Loving God, we ask this morning that you guide us through the maze that our world represents.  So often we find ourselves trying to serve two masters.  We desire to have what the world offers, yet we also want to develop the skills of spirit.  We find our generosity being tempered by our material fears. We want to stay young and attractive while aging happens anyway. We find our calls for justice challenging our patience and peace.  So many aspects of life try to define us.  Guide us, O God, to remain faithful in our trust in you. Inspire our decisions to reflect your loving spirit within us.  Amen.



Always present God, whose word was as faithful yesterday as it is right now, we thank you for the times when we struggle with our responses to the conflicts that we have personalized.  Lent offers us such a unique time to graduate from holding on to the responses that keep us prisoners of pain and that keeps us vulnerable to outside influences stealing our peace at a moment's notice.  Since we will never control the attitudes and values of other people, why not turn them into our personal trainers for our growth?
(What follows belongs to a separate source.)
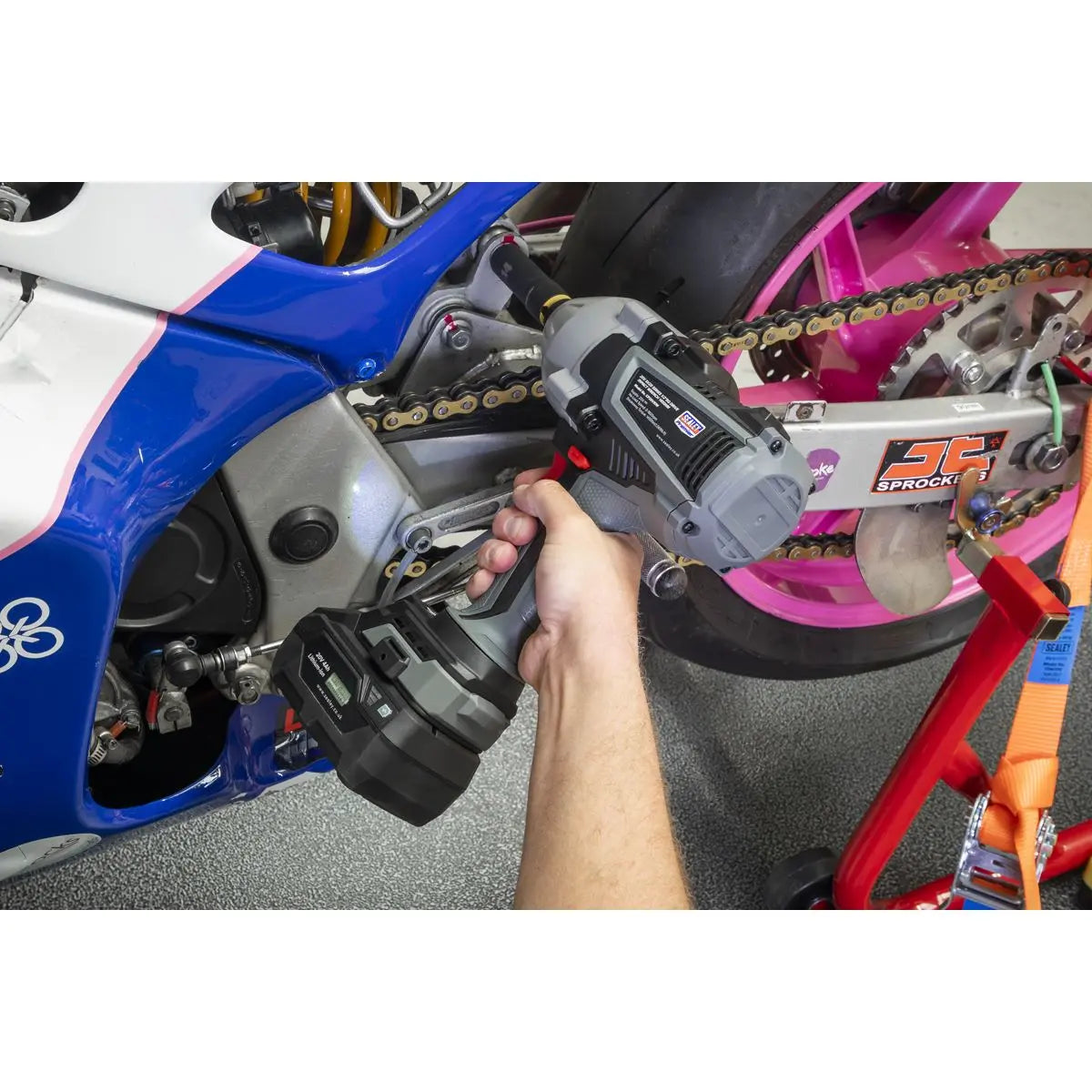 Sealey Premier Cordless Impact Wrench Kit 20V SV20 Series - 2 Batteries White Rose Tools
We thank you that you created us with so many qualities that are available to us. When we experience toxic personalities,  we can respond with patience and  compassion. When our values appear violated, we can remain generous of spirit.  When life presents us with challenging news, we can display our trust in your support to carry our load with confidence. When we experience the results from someone's lack of good judgment, we realize that each person has many more talents and gifts inside of them. Loving God, guide us to remember who you called us to be so that we can find solutions to our conflicts rather than more places to assign blame for how we think or feel.  No one directs our lives but us. 

This morning we are grateful for the foundations of our faith that Jesus taught and demonstrated himself.  He was never bothered by others because he had access to many tools that others did not have.  Jesus invited us to use the tools that we have found to remain a light in darkness.  We pray these thoughts through the loving spirit of Jesus, the Christ, who taught us to say when we pray . . .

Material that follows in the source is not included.